Episode 3 - Interview with Quinn Emanuel partner, Steve Cherny (Part 1)
Read the transcript below:
The following episode of Beyond Hourly was recorded before the merger of IMF Bentham and Omni Bridgeway.
Sarah Tsou:
Thank you for tuning in to the Beyond Hourly podcast, hosted by Bentham IMF (now known as Omni Bridgeway). As one of the world's most experienced commercial litigation funders, Bentham has invested nearly two decades into providing litigation finance and investment capital to plaintiffs and law firms. We offer law firms and their clients a risk sharing partnership and a proven record of success as a leading, global litigation funder.
Episodes of this podcast can be found on our website, www.benthamimf.com (now at www.omnibridgeway.com), and on iTunes, Stitcher, and SoundCloud. I'm your host today, Sarah Tsou. Prior to joining Bentham's New York office as an investment manager and legal counsel, I spent over 12 years at Kirkland & Ellis LLP litigating intellectual property cases. At Bentham I assess investment opportunities in the IP space and beyond and act as a strategic resource for the parties we fund throughout the funding relationship. We have a very exciting guest here today, Steve Cherny.

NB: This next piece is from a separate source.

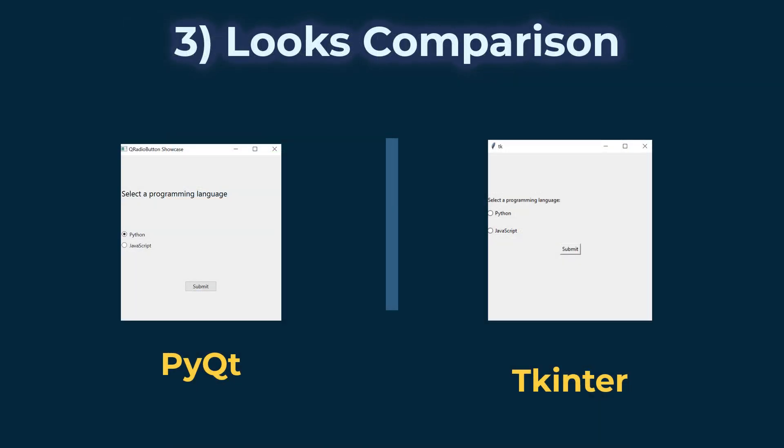TKinter widgets look more outdated than PyQt's, but you can use the widgets under the TTK module, which also comes pre-installed with Python. The TTK widgets look better and are meant to replace the older widgets in TKinter. And if you are using those widgets, then it is possible to get your application to look modern, similar to that of PyQt.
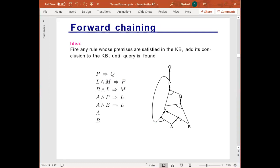Let's start first with forward chaining. The idea of forward chaining is to fire any rule whose premises are satisfied in the knowledge base, and add its conclusions to the knowledge base, until you reach the query that we need to reach. For example, if we have this knowledge base and want to show that KB entails formula Q...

Steve is a partner at Quinn Emanuel in its Boston and New York offices. Steve has nearly three decades of high profile patent litigation under his belt and has won some of the most important patent cases in the last decade. Steve also serves as a lecturer at the University of Chicago Law School and is a former member of the District of Delaware IP advisory subcommittee. I'm also proud to say that I had the privilege of working closely with Steve for a number of years when we were both at Kirkland.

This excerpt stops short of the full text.